The patrons of the place, Blake noticed, were mostly natives, many of them smoking bubbling shishas and sipping small cups of black, syrupy coffee.
"A table for two, Ali," Hagg Nadeem told the obsequious head waiter. "And send Husayn."
Ali seated them on a cushioned divan behind a small circular table, and hurried to summon the proprietor, who lost no time in coming.
"My poor place is honored, ya hagg," he said. "What is your pleasure?"
"Coffee for me. For my friend, perhaps, something stronger?"
He looked inquiringly at Blake.
"A double arak, neat," Blake replied.
Hagg Nadeem proffered a curiously carved ivory cigarette case, yellow with age and obviously a valuable antique.
Blake took a cigarette. Hagg Nadeem followed his example, and a watchful waiter quickly held a light to each.
A moment later, the proprietor himself came up followed by two more waiters, one bringing the coffee, the other the arak.

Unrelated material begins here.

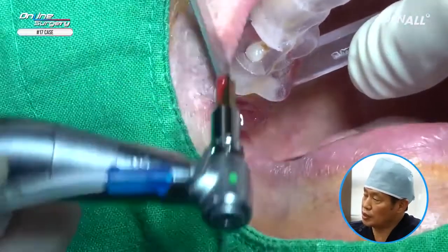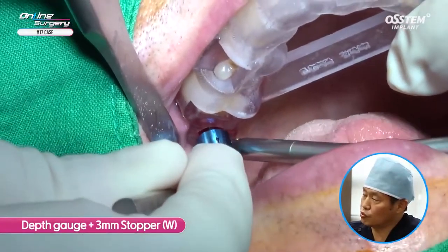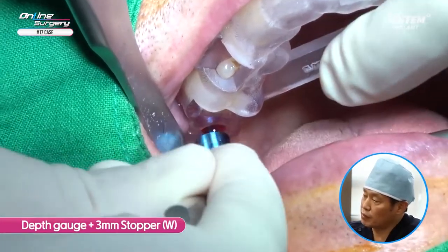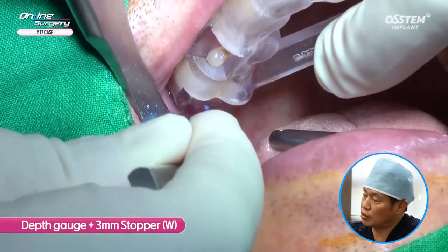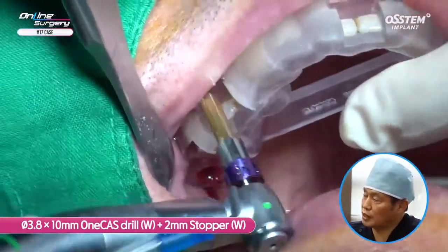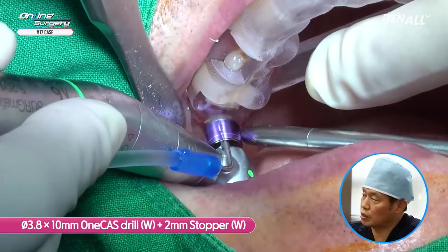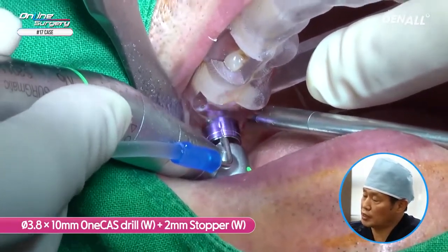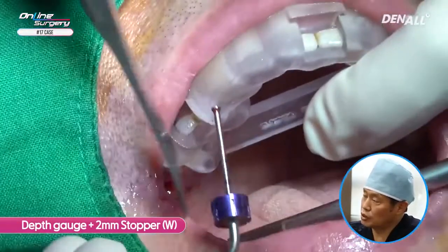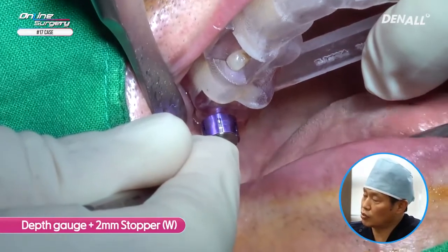Even at 7 mm it is not fully penetrated. Adding a 3 mm stopper to the depth gauge makes it 7.5 mm — the stopper is not in contact with the template and the sinus floor is not fully penetrated. Now, using a 10 mm drill with a 2 mm stopper for drilling up to 8 mm — specifically 3.8 x 10 mm 1-cast drill with 2 mm stopper. I could sense with my hands that the sinus floor was penetrated during drilling. With a 10 mm stopper on the depth gauge, it is in contact with the template, confirming sinus floor penetration.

Blake poured four fingers of the powerful anise-flavored date brandy, and tossed it off neat. A pleasant glow went through him as he splashed more of the clear, colorless liquor into the tall glass.
"I needed that one," he told the hagg. "Now I'm ready to dawdle over the next in the approved fashion."
"I quite understand," smiled Hagg Nadeem. "A brave man faces danger without flinching, but once it is past there is a reaction."
While the hagg talked, Blake suddenly felt a peculiar sensation come over him. At first he felt as if he were shrinking to infinite smallness, while the smiling, bearded face beside him assumed gigantic proportions. The next instant, it seemed that it was he who was swelling to incredible size, that the hagg was scarcely larger than a mosquito, and had receded very far away.
Blake was not a toxicologist, but he knew the symptoms. Bangh, the subtle oriental drug that changes and distorts the senses! He had been doped either by the cigarette or the drink.
He clutched the table, tried to rise. But the cloth came away in his hands, spilling coffee and liquor. He sank back, inert, as consciousness left him.